POLICY magazine (Vol. 29 No. 1, Autumn 2013), Centre for Independent Studies, Sydney, Australia
| Dr Dayan Jayatilleka interviewed by Sergei DeSilva-Ranasinghe
( May 16, 2013, Colombo, Sri Lanka Guardian) In Australia, Sri Lanka continues to dominate headlines about allegations of war crimes and the influx of asylum-seeking refugees, but comparatively little is known about Sri Lanka’s history and politics. Dr Dayan Jayatilleka is among Sri Lanka’s leading and most respective political commentators.
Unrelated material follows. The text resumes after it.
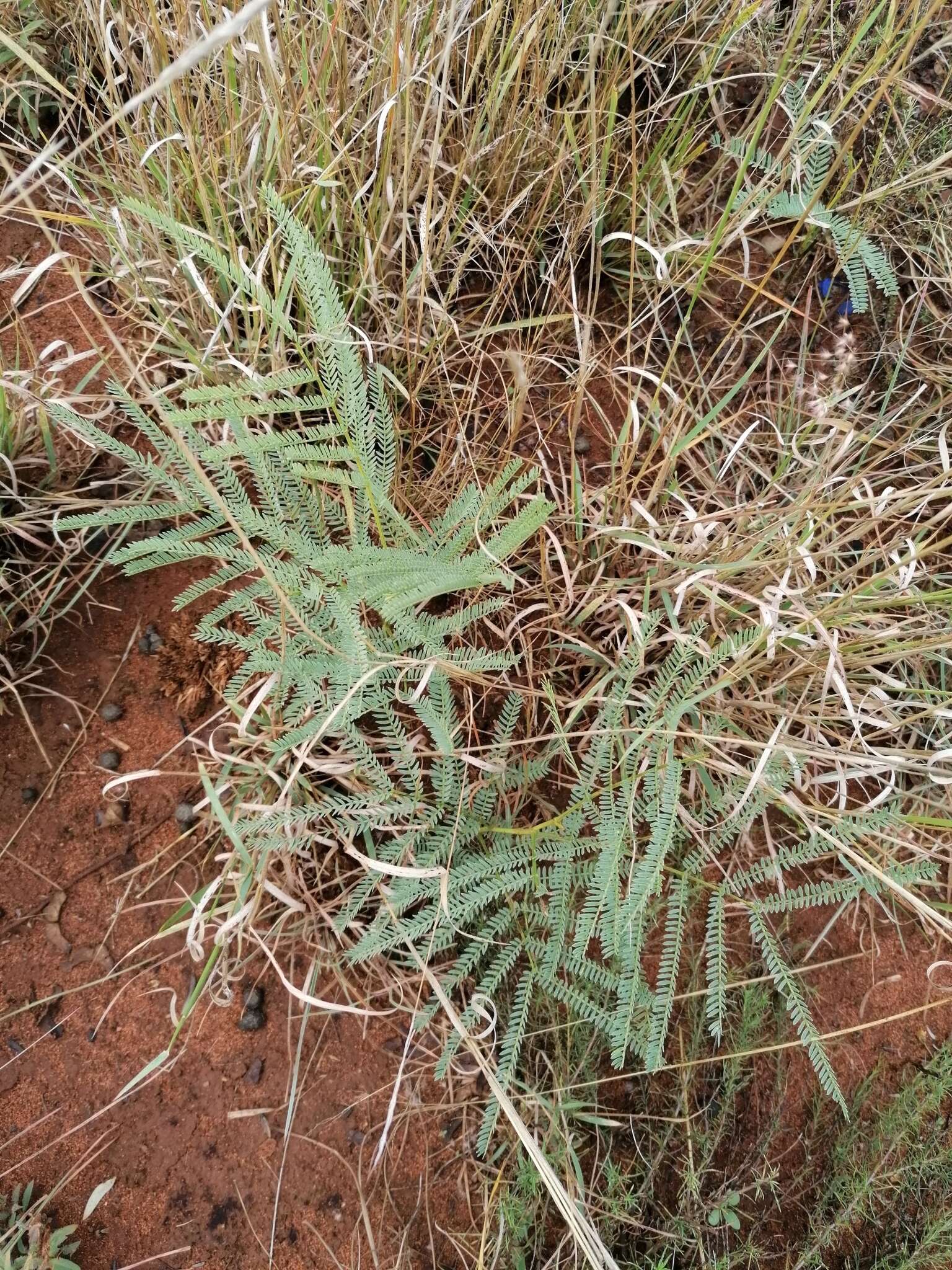 Image of Eland's wattle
A prolific writer, he has published several books, including The Travails of a Democracy: Unfinished War, Protracted Crisis (1995); Fidel's Ethics of Violence: The Moral Dimension of the Political Thought of Fidel Castro (2007), and Long War, Cold Peace: Conflict and Crisis in Sri Lanka (2013). In addition, and until recently, he was Sri Lanka’s ambassador to the United Nations in Geneva (2007–09) and ambassador to France, Portugal and UNESCO (2011-13). In March, he spoke to defense analyst Sergei DeSilva-Ranasinghe about Sri Lanka’s political future; the defeat of the Liberation Tigers of Tamil Eelam (LTTE); allegations of war crimes against the Sri Lankan state; the causal factors of Tamil secessionism; Sri Lanka’s evolving relations with the United States, India, Pakistan and China; and its future strategic options.
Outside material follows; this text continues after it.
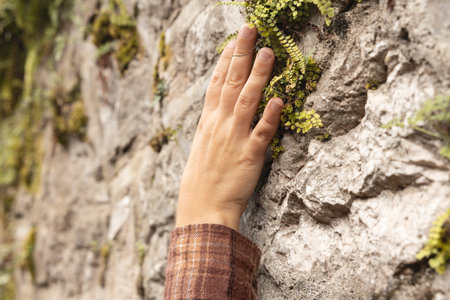 A womans hand rests on a textured stone city with living plants, an environmental protection conceptの写真素材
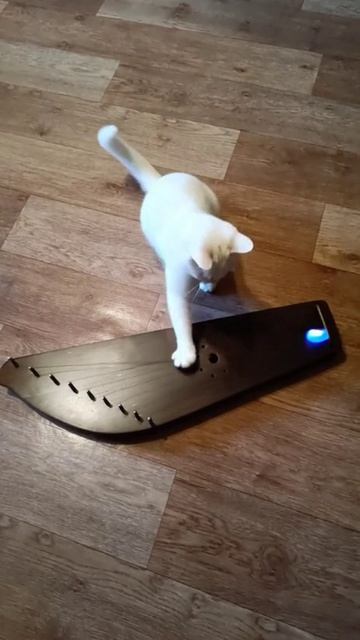 Гусли и Кошка. Струны и Огонь. СКК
Sergei DeSilva-Ranasinghe: Now that the civil war is over, what are the challenges for Sri Lanka’s political future? Can Sri Lanka ‘win the peace’ and achieve enduring political stability?
Dayan Jayatilleka: The protracted mid-intensity civil war has been won, but the peace has not. I have encapsulated our situation in my new book, Long War, Cold Peace. The challenge that lies ahead for the nation is precisely to create a nation. We have a state—one that has laudably restored its legitimate territorial boundaries, which are co-extensive with the island’s natural ones. We do not, however, have a unified nation—a nation that considers itself Sri Lankan, irrespective of and transcending ethnic, linguistic and religious markers. The challenge is not so much state-building but nation-building.
Whether Sri Lanka can win the peace and ensure the long-term durability of that peace depends on the nature of the peace. If it is a victor’s peace, and if victory is defined or felt to be one of the Sinhalese over the Tamils, it will not be a durable peace. On the other hand, we can only win an inclusive and fair peace if there is a redrawing of the social contract that addresses the root causes of the conflict—the mutual alienation of the island’s majority and minority communities—and if there is an equitable integration or a reasonable, centripetal measure of devolution.
Sergei DeSilva-Ranasinghe: Why is the defeat of the LTTE significant? You call the war against the LTTE a ‘just war.’ How do you explain it in the context of Sri Lanka’s civil war and its bloody conclusion?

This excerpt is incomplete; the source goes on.